На Абинскую, залитую человеческим потоком, напали зеленые. Они спустились с гор еще с вечера и ночевали в станице, подчас в одних хатах с теми, на кого пришли охотиться. На рассвете часть их открыла пулеметный огонь, чтобы создать панику. Тысячи людей в безумном ужасе бросились вон из станицы, погоняя своих лошадей и волов. Этого только и ждали хищники. Бурей налетели они на беженскую ленту, разогнали и наспех ограбили людей, и погнали отбитые телеги в горы, в свои логовища.

Этим бандитам эс-эры старались пришпилить свой ярлык и обратить их в свою армию!

Дезорганизация в белых войсковых частях дошла до такой степени, что они даже не защищали свои собственные повозки.

Обнаглев, зеленые повели наступление на станцию, где стоял со своим штабом ген. Гусельщиков и куда только-что подошел сидоринский поезд, охраняемый ротой юнкеров и двумя бронепоездами: «Мстислав Удалой» и «Иоанн Калита».

Орудия Канэ, — солдаты их звали «коневые орудия», — напугали нападавших. Конвойная сотня Гуселыцикова догнала банду хищников, кого порубила, кого забрала в плен. «Стопобедный генерал» приказал тут же перестрелять всех пленников.

Этот абинский бой продолжался часа два. Я ожидал исхода его возле самой станицы, в цепи обозов, которые не могли пройти вперед из-за сражения.

Наконец все кончилось.

Я въехал в Абинскую.

Возле одной хаты, где хохлушка угостила меня куском хлеба, стояла двуколка, заваленная бумагами.

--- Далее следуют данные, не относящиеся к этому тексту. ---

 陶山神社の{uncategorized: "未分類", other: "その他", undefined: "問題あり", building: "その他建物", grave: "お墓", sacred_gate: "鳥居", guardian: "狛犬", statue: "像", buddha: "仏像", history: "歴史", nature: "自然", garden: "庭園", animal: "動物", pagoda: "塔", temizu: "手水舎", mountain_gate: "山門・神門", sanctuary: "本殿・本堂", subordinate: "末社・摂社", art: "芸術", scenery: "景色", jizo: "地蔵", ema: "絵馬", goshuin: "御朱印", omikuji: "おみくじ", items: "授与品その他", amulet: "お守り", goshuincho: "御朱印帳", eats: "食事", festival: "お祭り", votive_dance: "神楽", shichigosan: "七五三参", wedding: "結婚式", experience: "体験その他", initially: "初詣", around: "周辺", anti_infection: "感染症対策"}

— Охвицери були… Як зашумели гармати, втикли на бричках. А це бросыли. Це, кажуть, барахло, не треба нам.

Я поинтересовался бумагами.

— Денежная приходо-расходная книга 34-го Донского Екатерининского полка! — гласил верхний фолиант.

— Без слов все понятно, — подумал я, — рапортами донесут, что зеленые отбили и деньги, и отчетность.

В Крымской, громадной станице в сорока пяти верстах от Новороссийска, царила невообразимая паника.

— Красные обходят дорогу с запада. Добровольцы бросили фронт и ушли грузиться в Новороссийск.

Лавина по инерции покатилась туда же. Ах, удастся ли пробиться?